Editor's Note: This adapted information pertinent to both the U.S. and Canada originated in the "Complete Guide to Wheat Management" as compiled by the Canada Grains Council.

Weed-crop competition is a complex field of study. The extent of competition is governed by a number of factors including crop species, crop cultivar, crop density, weed species, weed density, the relative time of emergence of the crop and weed, the duration of the weed presence, the efficiency of weed control, and soil and environmental factors.

Of the four major crops, wheat, barley, canola and flax, wheat ranks third in its competitive ability. Barley and canola (once well established) are more competitive, and flax the least . Winter wheat is generally considered to be more competitive than spring wheat, largely due to the fact it has a head start over the weed species. Perennial weeds, such as Canada thistle, are probably of greater significance than annual grassy and broadleaved weeds in winter wheat production.

Competition evidence indicates that semi-dwarf wheats are less competitive than normal-height wheats. Similarly, the long-strawed spring wheat, has been observed to be a better competitor with wild oats than the short-strawed cultivars. The greater shading of the semi-dwarf wheat by the weeds is implicated as a factor responsible for the differential effects of weed competition on yields of the two cultivars. Although there are some exceptions, short-strawed winter wheat cultivars also tend to be poorer competitors with annual weeds than tall cultivars.

Within tall- and short-strawed cultivars, weed competition has been observed to result in differential yield responses.

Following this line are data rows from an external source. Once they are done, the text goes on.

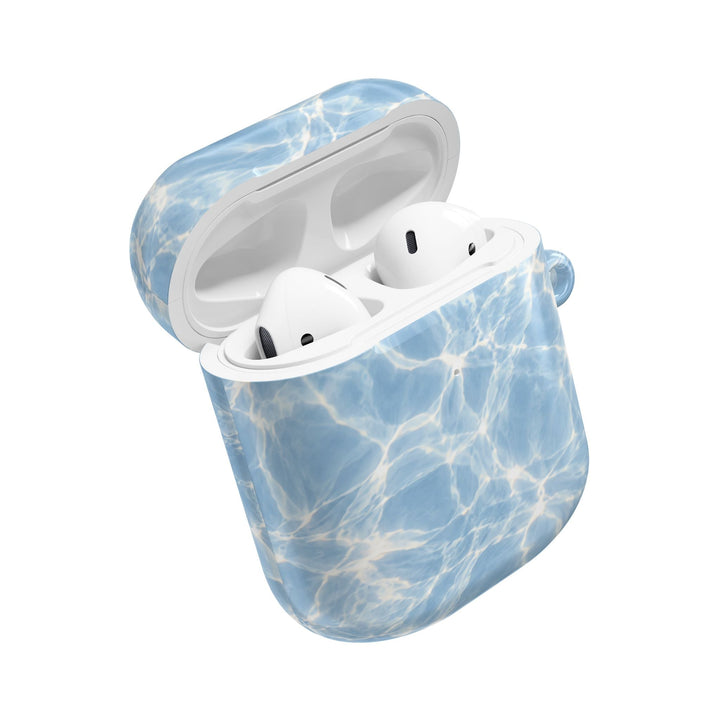 Sunday Theory glossy blue water ripple pattern polycarbonate AirPod case with white earbuds inside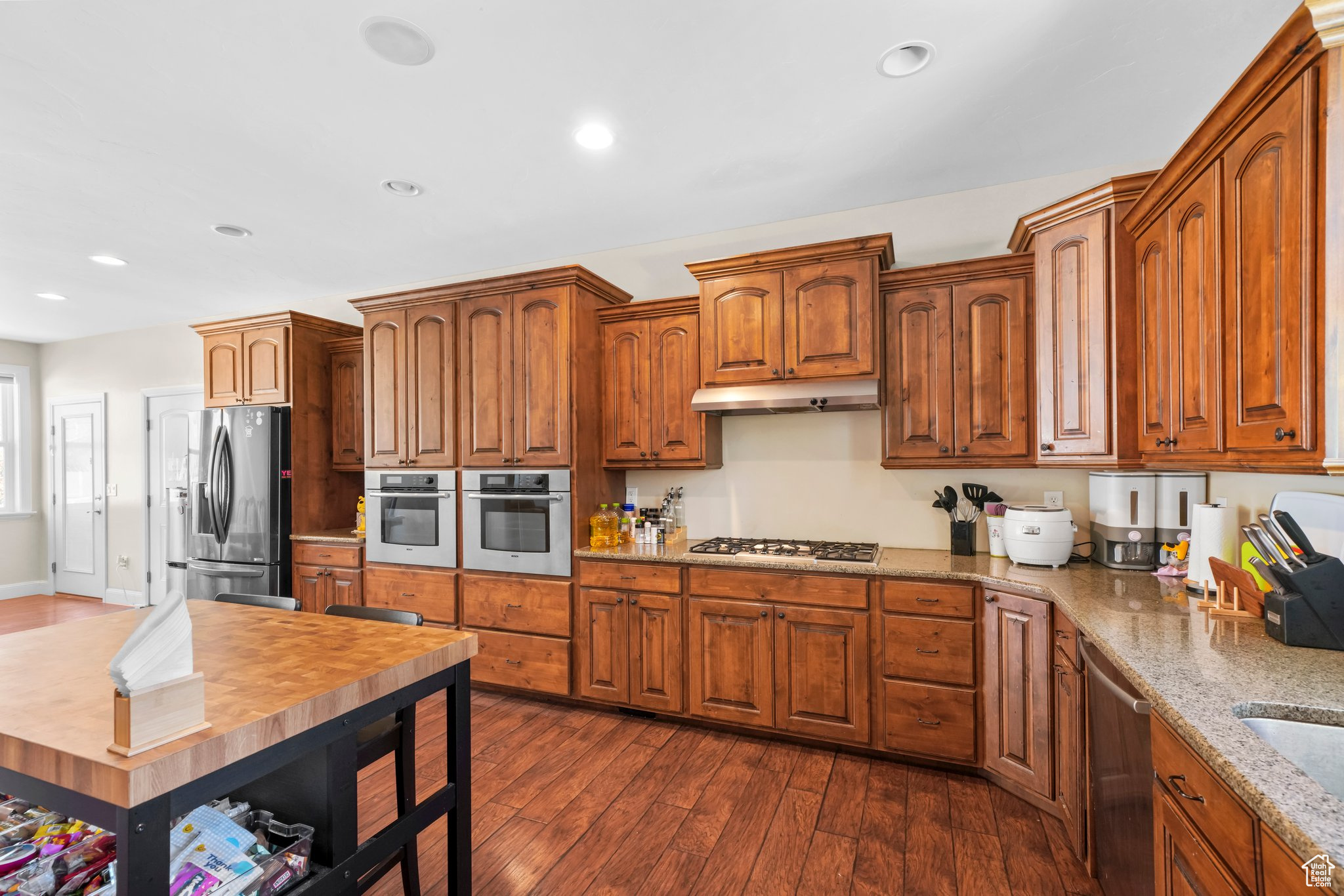 Kitchen featuring dark hardwood / wood-style flooring, appliances with stainless steel finishes, and light stone countertops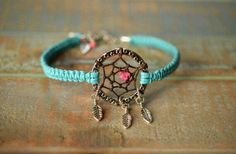 a bracelet that has a dream catcher on it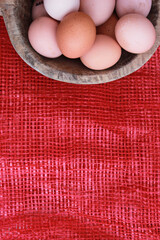 Eggs in the wooden bowl and red background for healthy, organic food. Copy space for your text.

Generally, the higher-yielding cultivars appear to be more severely affected by weed competition than the lower-yielding ones.

Crop and Weed Density
The actual weed density at which wheat yield losses occur is weed species and environmentally dependent. General findings are that the greater the weed density, the greater the yield losses. Several studies have shown this to be the case for wild oat competition in wheat. Irrespective of soil fertility, on previously summer fallowed land, 48 wild oats per square meter significantly reduced wheat yield, and with increasing density above 48 wild oats/ m², yield losses increased.

These results correlate well with other studies. On fertilized stubble land, wild oats at a density of only 12 plants/m² were found to significantly reduce wheat yields, while on unfertilized stubble land, 80 to 120 wild oats/m² were required before yield losses were significant.

Increasing tartary buckwheat density has been shown by a number of researchers to result in increasing wheat yield losses. The density of tartary buckwheat at which a significant yield loss was observed varied considerably from 14 plants/m² to 58 plants/m². This differential probably reflects differences in cultural practices and environmental conditions.

Increasing crop density has been implicated in a number of instances as reducing the competition of weeds. By increasing crop seeding rates, weed growth and therefore competition may be suppressed. Wheat yield losses from wild mustard competition decreased with increased crop seeding rates of 67,135 or 200 kilograms per hectare. The yield of wheat in the weed-free plots was, however, less at the higher seeding rates.

Increasing wheat seeding rates from 22 to 44 or 88 kg/ha decreased the yield-reducing effect of wild oats from 78 percent to 64 percent and 77 percent to 44 percent, respectively. Researchers caution, however, that although increasing wheat density reduced the yield loss due to wild oats, this effect was negligible once the optimum weed-free density was exceeded. Wheat yields declined much more strongly in response to wild oat pressure at low, compared to high, crop densities.